Chasing the Mystery Buzz
Another classic cause of buzzing
© Frank Ford, 11/1/98; Photos by FF, October 1998
Uneven frets can cause buzzing. Almost every player understands that.
Uneven frets will generally cause buzzing at certain positions. For example, a guitar that buzzes only on the fifth fret is likely to have a low fifth fret or a high sixth.
If an instrument buzzes throughout a general area or over the entire fingerboard, the cause is unlikely to be just uneven frets.
Frets may be uneven from use:
The frets above are worn under the treble strings because the steel treble strings cut into the softer fret material. The brass winding on the bass strings is actually softer than the frets, so there's much less wear on the frets under the bass strings.

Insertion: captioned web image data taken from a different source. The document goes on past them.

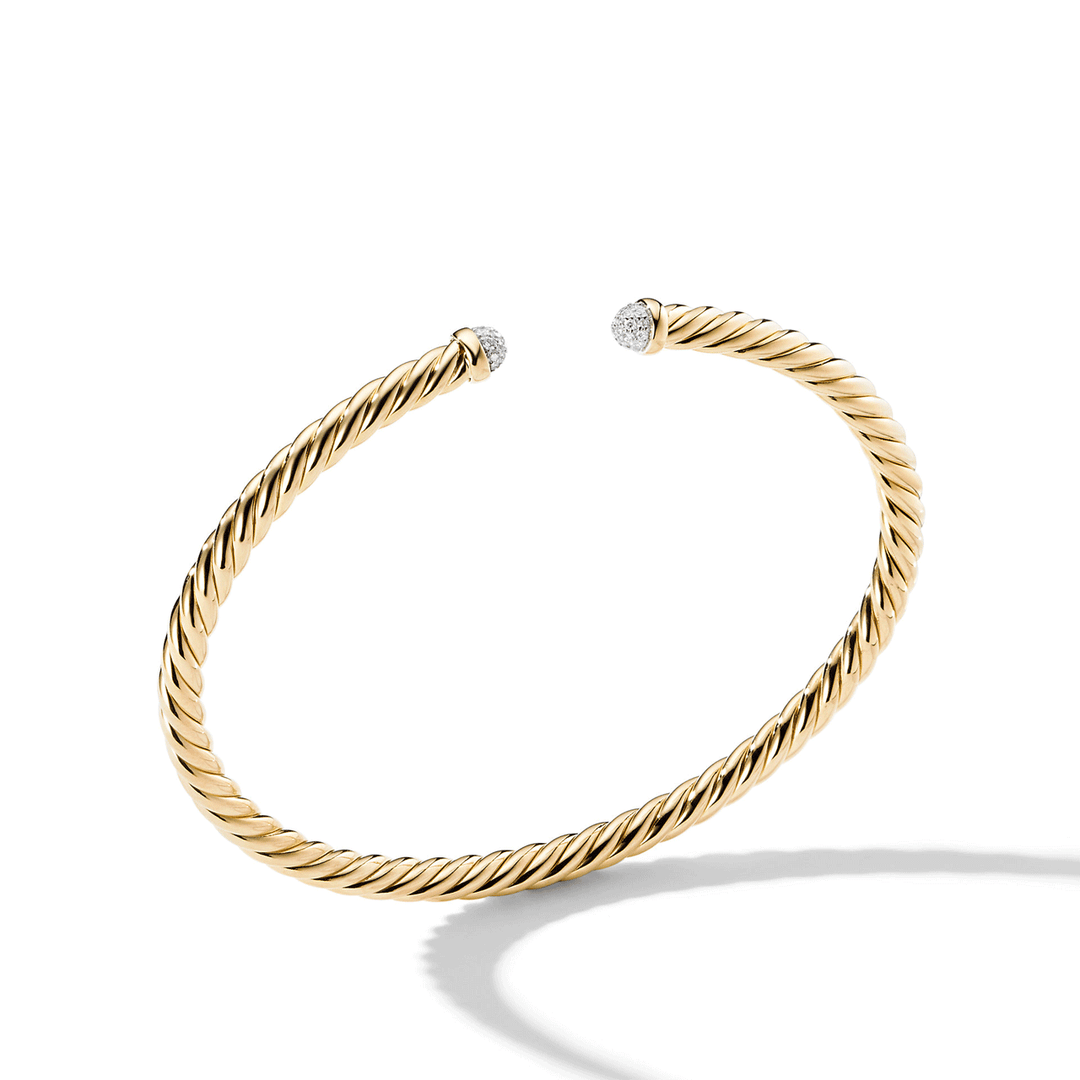 David Yurman Cable Flex Bracelet 18K Yellow Gold with Diamonds, 4mm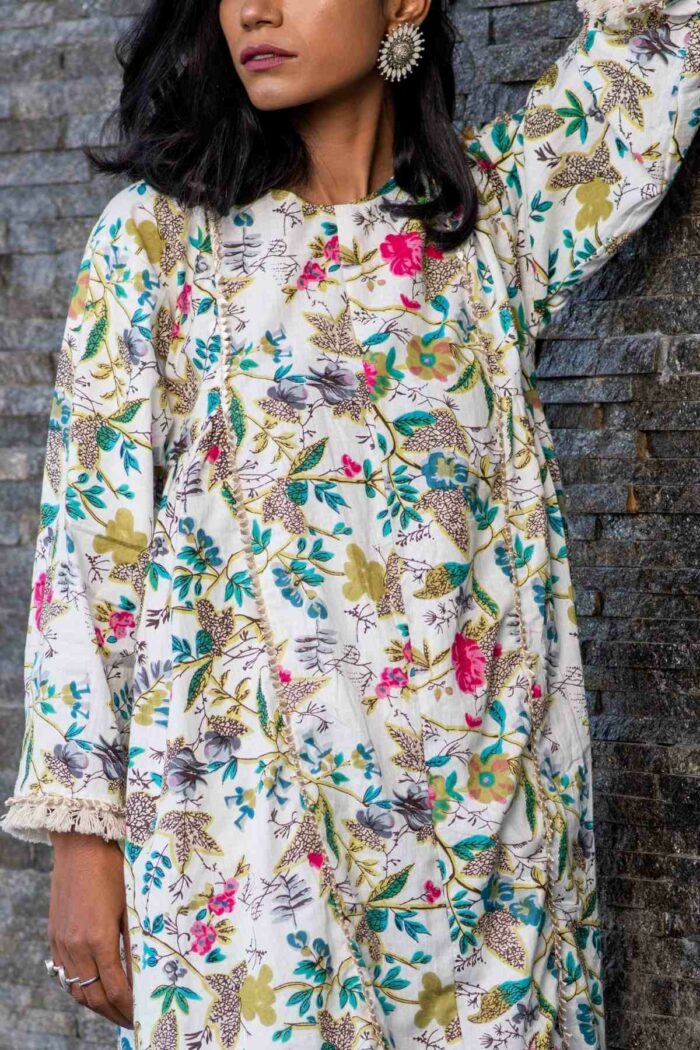 White flower print cotton palazzo set - Image 6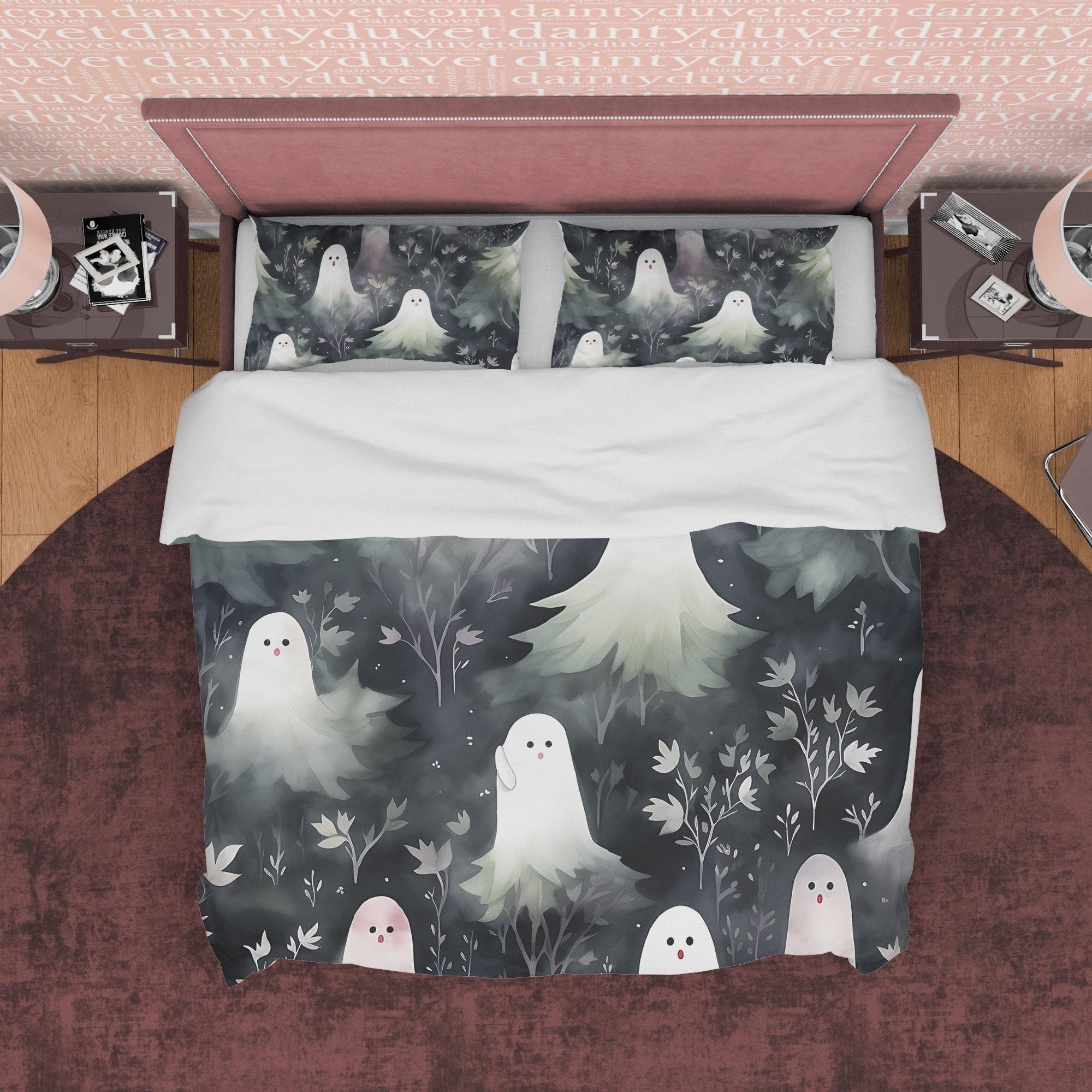 Black And White Ghost Duvet Cover Set, Creepy Quilt Cover Aesthetic Zipper Bedding, Haunted Forest Blanket Cover Halloween Room Decor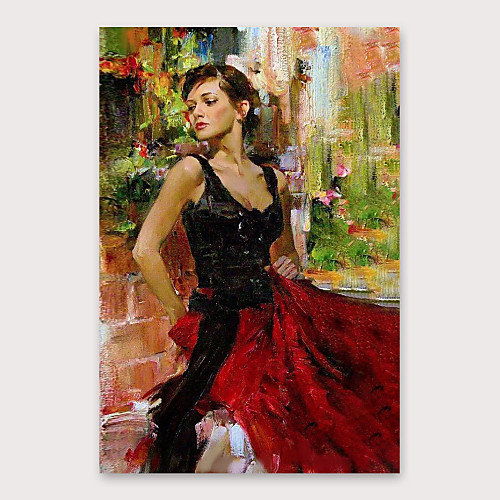 

Oil Painting Hand Painted Vertical Abstract People Modern Stretched Canvas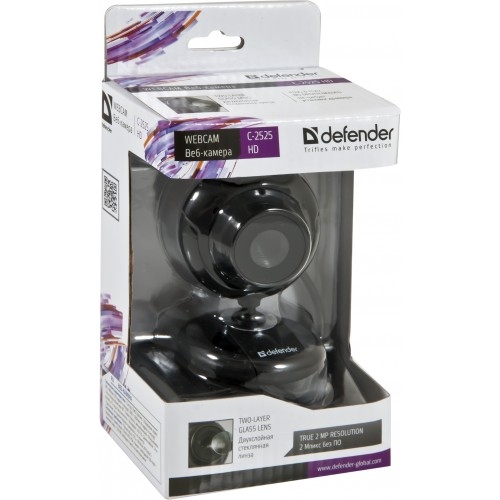Веб - камера Defender C-2525HD 2 Мп/1600 x 1200/черный (63252)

This guitar is an exception:
Look at the deep grooves worn under the bass strings. Just about the ONLY way the bass strings can wear out frets faster than treble strings is with heavy use of a capo. The capo holds the string down more firmly than fingers can, and the string vibrates longer, wearing faster.

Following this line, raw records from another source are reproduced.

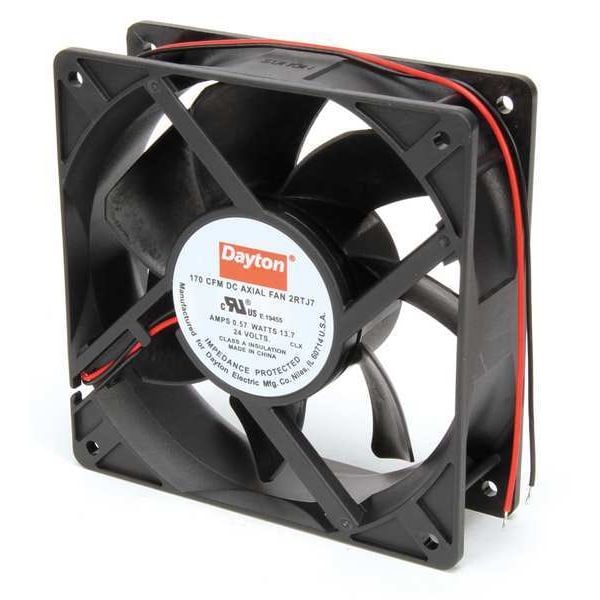 Dayton Axial Fan, Square, 24V DC, - Phase, PBT Plastic, 4 11/16 in W. - 2RTJ7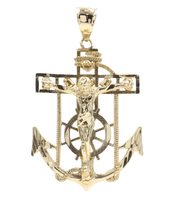 10KT Yellow Gold Detailed Crucifix 43.5mm Anchor Necklace Pendant - 4.09g by CAL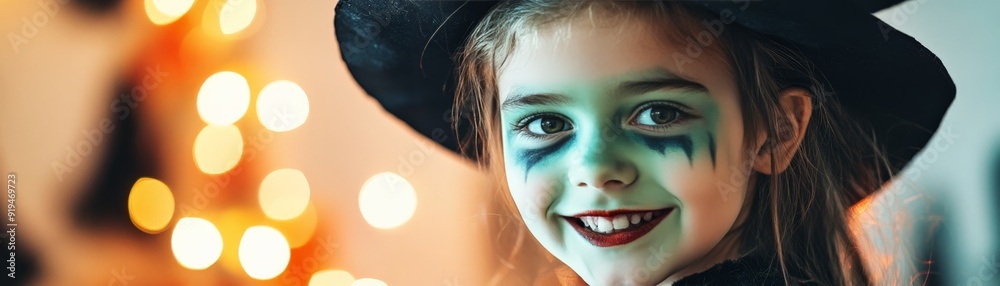 Smiling child dressed as a witch with green face paint and a black hat, glowing lights in the background, celebrating Halloween. Smiling child dressed as a witch with green face paint and a black hat, glowing lights in the background, celebrating Halloween.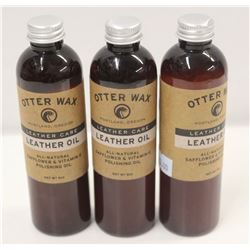 3 BOTTLE OF OTTER WAX LEATHER OIL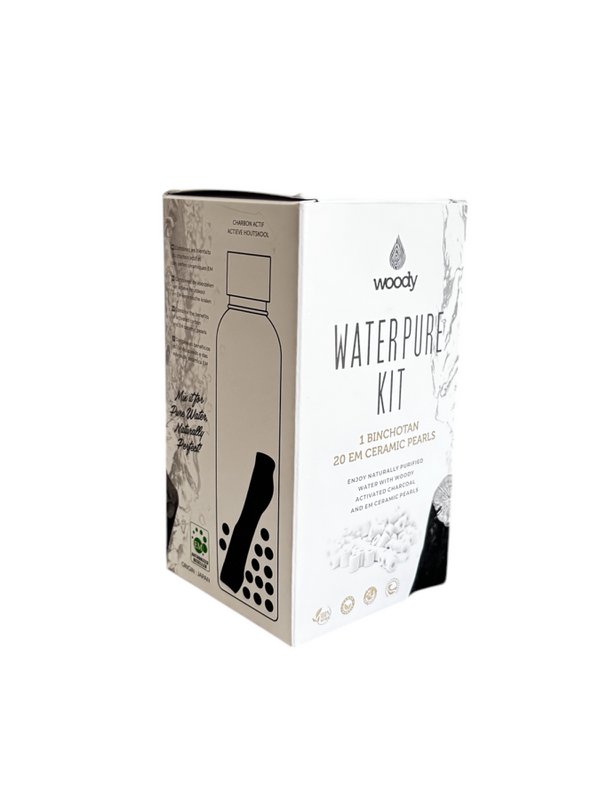 Kit di purificazione dell'acqua - 1 carbone attivo binchotan e 20 perle in ceramica em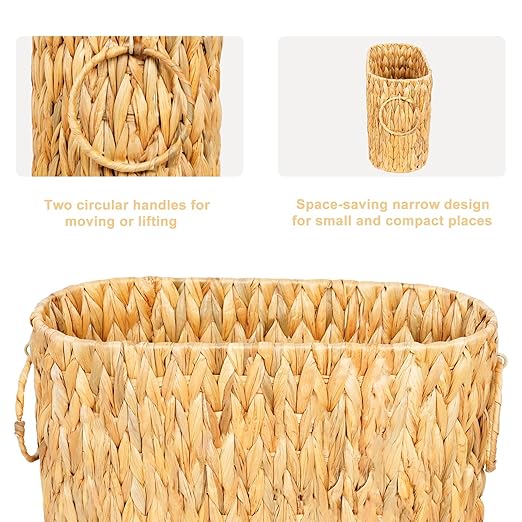 Large Toilet Paper Storage Basket, Wicker Toilet Paper Holder Basket for Bathroom, Natural Water Hyacinth Narrow Basket, Slim Toilet Paper Basket for 6 Mega Rolls, Magazines & Towels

Frets can be uneven without being worn. A loose fret will be likely to stand higher than its neighbors. It's easy to find a high fret by balancing a straightedge across groups of three frets up along the neck:
By alternately pressing the ends of the straightedge, I can feel it "rock" across a high fret.
Now, it's possible that my straightedge might be rocking down to touch a low fret as well. It doesn't take long to identify whether I'm dealing with a high or low fret, and most of the time I can look under the straightedge and see what's going on.

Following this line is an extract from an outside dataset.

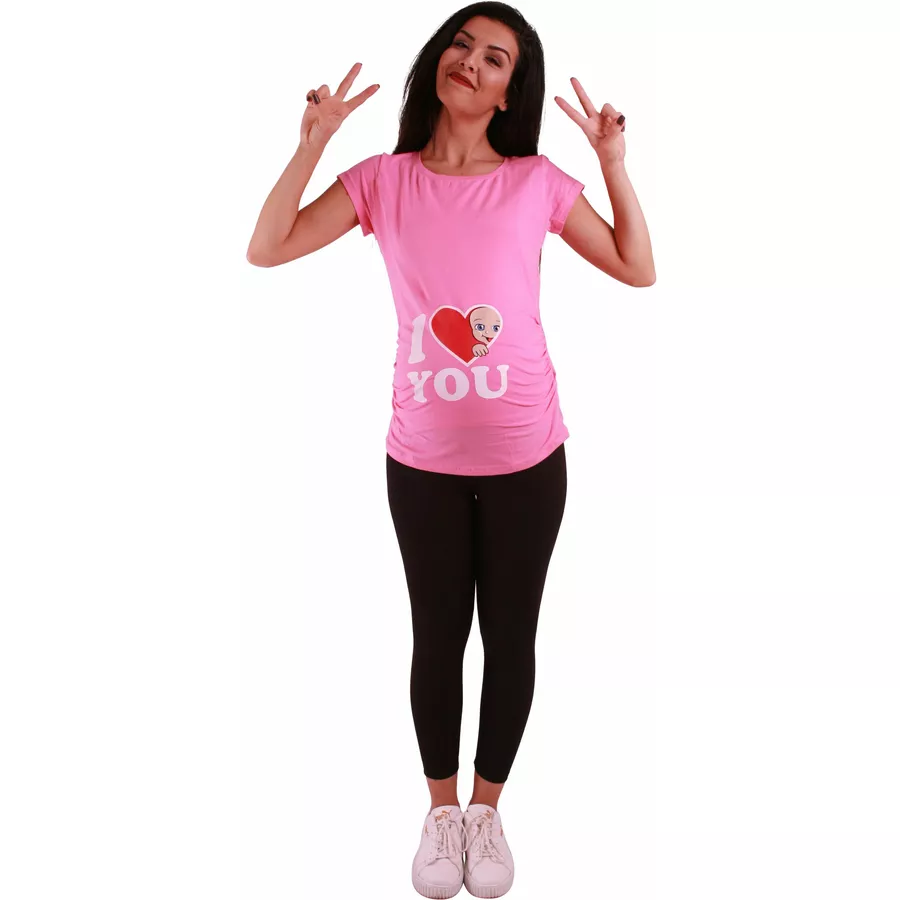 M.M.C. Umstandsshirt I Love You mit Motiv Rosa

The "best" fix for uneven frets is to remove them all, level the fingerboard and refret. That's the most expensive fix as well.
Often, a loose fret can be glued in place. A low fret can be raised slightly and glued in place, too.
Uneven frets can be corrected by leveling all the frets, sanding or filing their tops just a little, then rounding them to their original profiles.
Individual frets or groups of frets can be replaced.
In each case, it's a matter of judgment as to which method of repair is most appropriate.